The JaneDear Girls have bloomed with their debut single, "Wildflower." The catchy song has led to late night TV appearances, steady airplay at country radio and a pair of ACM nominations for top vocal duo and top new duo or group. They also enlisted longtime supporter John Rich to produce their lively self-titled debut album, which was released in early February. During their recent visit to CMT, fashionable friends Susie Brown and Danelle Leverett chatted about filming their first music video, their fondness for Shania Twain and Keith Urban and finding a connection with their fans.
CMT: What do you remember the most about shooting the video for "Wildflower"?
Leverett: First off, when I was driving out to Adams, Tenn., the sun was rising because it was very, very early, and it was so, so beautiful. I remember seeing that sunrise and being like, "That is so beautiful and amazing, and we are the luckiest people in the world to be doing what we're doing." Sunrises are one of my favorite things in the world, so I just had a moment, took a breath and thought, "Whew, wow, this is really happening." And the other part I loved was when we were on the trampoline. We were both doing flips and crazy moves. As you could see, they used the splits, so it's kind of funny. My mom didn't like that part, but I thought it was funny anyways!
What were you hoping to capture when you wrote the song?

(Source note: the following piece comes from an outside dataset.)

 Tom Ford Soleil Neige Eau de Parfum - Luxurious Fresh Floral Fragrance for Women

Brown: I wrote it two summers ago. I just wanted it to be something really fun and like a female anthem -- something that described me. I wrote it on a little vintage Mandocaster, which is like an electric mandolin. It was the first time I ever played it. I'd gotten it out of the closet and went to Guitar Center and got a little amp and I just started rockin' out on something. I had a little flower in my hair that I just bought at Claire's, and my co-writer was like, "Whoa, that's kind of a crazy wild beat! And you have that little flower in your hair. Why don't we write a song called 'Wildflower' and make it about how you grew up?" It's been really fun.
Susie, you were in a family band while growing up in Utah. Was it a bluegrass band?

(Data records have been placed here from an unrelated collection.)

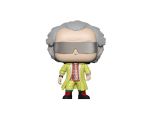 FigurineFigurine POP Back To The Future Doc 2015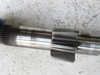 Picture of Kubota 32530-94370 Steering Sector Shaft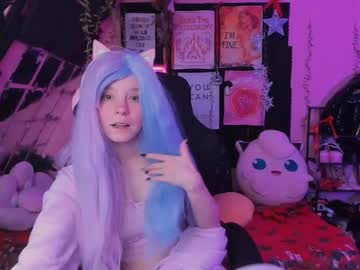 Miss_Astravert Chaturbate stream image from December 27, 2024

Brown: It was pretty much bluegrass. I started violin when I was 4, then I switched over to fiddling when I was 8. I started doing a bunch of contests and really learned bluegrass. It was so much fun because I didn't have to stick to the notes on the page. I could make it my own interpretation, and I've always loved being able to do that. I played with my family band for about 10 years or so. We played all kinds of music, and it was really fun. It kept me playing until I moved out here and met Danelle.
Danelle, being from Amarillo, do you hear that Texas influence in your music?

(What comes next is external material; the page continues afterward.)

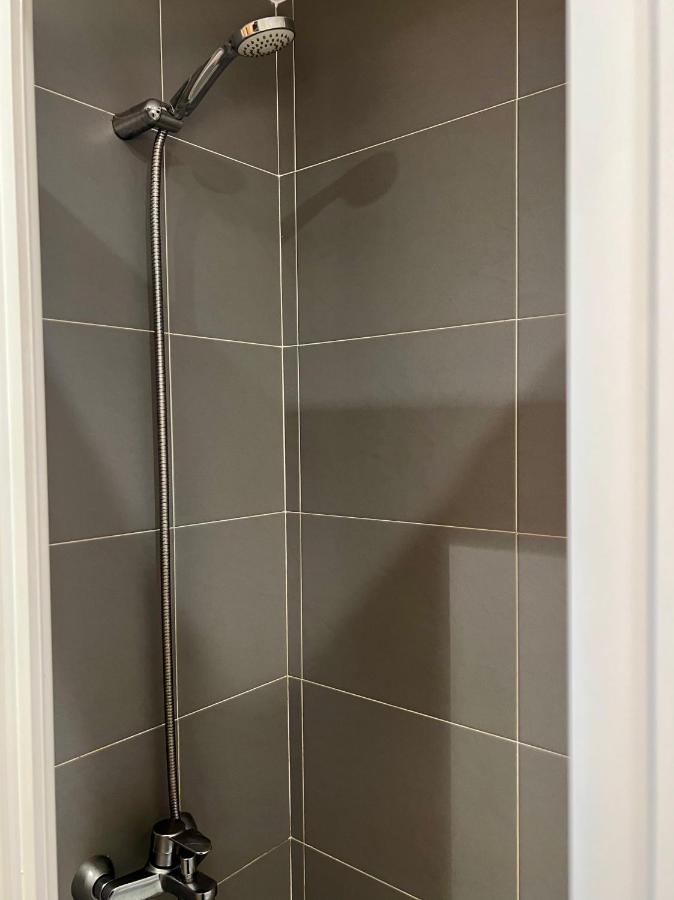 La Latina Premium Home Madrid Eksteriør billede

Leverett: Honestly, I'd say no, only because I wasn't as influenced by Texas country music as much as other people were. I grew up on the Beatles, first and foremost, and then went through a Jewel/Nirvana/Green Day phase. And then I really got into country when I heard Keith Urban and Garth Brooks and Shania Twain. I love all kinds of different music, and I think if you listen to our album ... you're going to hear a variety of influences.
On your website, both of you cited Keith Urban and Shania Twain as influences. How did those artists contribute to your musical vision?
Leverett: Keith Urban really is the reason that I first fell in love with country music -- like really fell in love. I loved how he took kinda rockin' music and played it with the ganjo [a banjo with a guitar neck] and had these innovative melodies but with lyrics that related to the country demographic -- and also to just really anyone. I take pride in being part of a genre that cares so much about their lyrical content. The songs that we sing make sense and they're thought-out and sometimes they're even pretty brilliant lyrically. I think Keith was the best of both worlds, musically and lyrically. He really spoke to me.
Brown: I've always been a big fan of Shania Twain. She put out a lot of songs that were really empowering to women and made them feel good about themselves. I think as female artists as well, that is something that is important to us -- to speak to our audience like that and make them feel good about themselves.
Do you feel like you're singing for the female audience?
Leverett: Yes and no. Anyone that wants to listen to our music, we will embrace them. I think that our first single obviously was really driven toward females, but the funny thing about it is that we have a lot of guys showing up to our shows singing, "I'm a wildflower." ... It's like, "Wow, that's really cool, I think." ... And the next single, "Shotgun Girl," I hope will really appeal to males and females in a sense that a lot of girls will say, "Well, I've been a shotgun girl before. I've ridden in the middle of some dude's truck." And I hope that guys will think, "I want a shotgun girl" or "I have one" -- or had one. If you're my ex, you're probably saying "had." (laughs) We like to do all kinds of songs that can relate to all different demographics.
What do you hope fans can take away from seeing you in concert?
Leverett: Hopefully, they will feel really happy and energized. We love to rock out onstage and just have a really good time. We love to just dance and go crazy.
Brown: We put off a very positive energy that people can feed off of.
What has been the response to "Wildflower" on tour?
Leverett: Sometimes they all sing it back to us in markets where they've been playing the song pretty heavily. It's exciting and encouraging to hear people singing our song back to us regularly.
Brown: It's one of the most rewarding things as artists to have the fans say, "I love what you do." That's what that means when they sing your song -- "I love what you're doing -- and rock on!"